→ **REQUIREMENT**
Return the records below from the line containing "Not much. Just one cup." onward, exactly, through and including the last line.

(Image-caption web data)
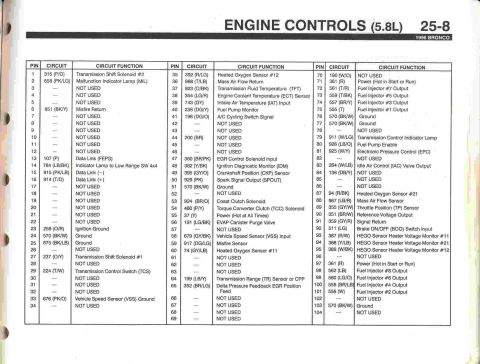 1996 Ford Bronco - 5.8 PCM Pin Out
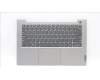 Lenovo COVER UpperCase ASM_EURO ENG C21DK MGNBL für Lenovo ThinkBook 14 G4 ABA (21DK)
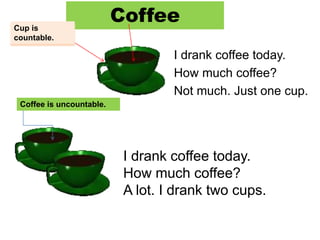 Coffee
I drank coffee today.
How much coffee?
Not much. Just one cup.
I drank coffee today.
How much coffee?
A lot. I drank two cups.
Cup is
countable.
Coffee is uncountable.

→ **ANSWER TO THIS EXERCISE**
Not much. Just one cup.
I drank coffee today.
How much coffee?
A lot. I drank two cups.
Cup is
countable.
Coffee is uncountable.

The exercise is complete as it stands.